There are space games and space games – if you want to fly a jerry-rigged spaceship through pirates and meteor storms, go for Galaxy Trucker. If you want to develop technologies and fight crazy battles, then Ascending Empires, Quantum or Eclipse will float your boat. If however, you want to go through the genuine, thematically sound (the game is designed by a rocket scientist) struggle of building a rocket, getting it off the ground and somewhere – anywhere! – off Earth, then High Frontier is the game for you.
Every player starts on Earth, with the same goal – build a rocket, get it into space, try to land somewhere and establish a factory – having done so, you can begin to sell what you produce back to Earth. The currency of the game is water – water is what powers your spaceships, and it’s what you bid for your rocket components whilst still on earth. So far, so simple. But how much you spend on building your rocket will affect how much water you have to power it. If you can get it into orbit, that’s a good enough place to refuel. Having done so, you then need to move on into deeper space, and generally speaking the farther you go, the greater the potential rewards. But as well as building and powering, you need to factor in a couple of other things: first, how heavy your rockets are. If you’ve loaded them up with water that’s great, but they now weigh a lot more and their movement is compromised.
Secondly, where are you going to land and prospect? Different destinations have different mass, and therefore different gravitational pull. You need to factor that into your thinking too. And despite all your careful planning, you might find that at a rather inopportune moment, your spaceship explodes. Deep at the heart of this carefully thought-out and intricate game of planning and economy, is the simple roll of a die to determine success or failure. Why? Because that’s what space exploration is like! Just ask NASA.
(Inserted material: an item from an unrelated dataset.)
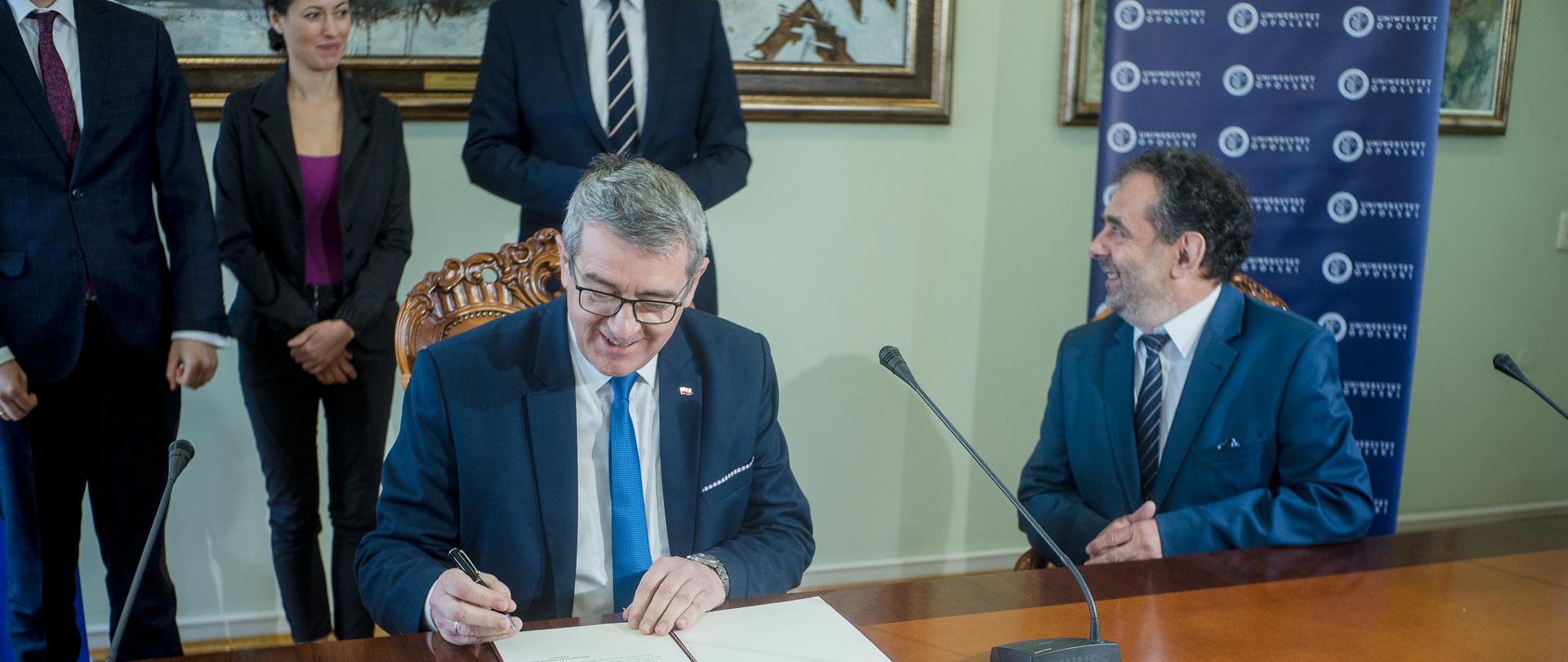 Minister siedzi za stołem, przed nim książka i mikrofon.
Whew! High Frontier is a game I can admire from a safe distance. For my purely subjective tastes it’s rather long; and for my limited cognitive power, it’s rather heavy. Some people – Joe is one – absolutely love the immersive experience it offers, right down to the potentially doomed destinies of all your hard work. I get that; but for me a game needs to be slightly more *fun* in an instantly-gratifying sense (I’m inherently lazy), and as a result I find High Frontier a bit of a slog.
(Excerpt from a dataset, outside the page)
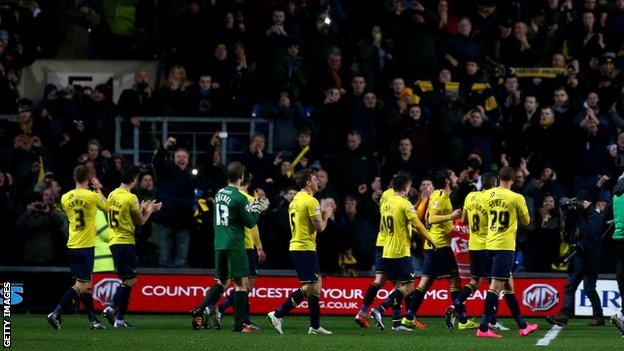 Oxford United players celebrate reaching the JPT final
Bidding can be important in High Frontier, but there's no space battle - at least, not in the basic game.
Potentially high. High Frontier is a game that demands thought and at times, a bit of calculation.
High. The game will sometimes offer simple decisions, but other turns may be a little more taxing...
It's rather long and can be unforgiving. But if you like space as a theme there's no truer more honest representation of attempting the near-impossible - and potentially pulling it off.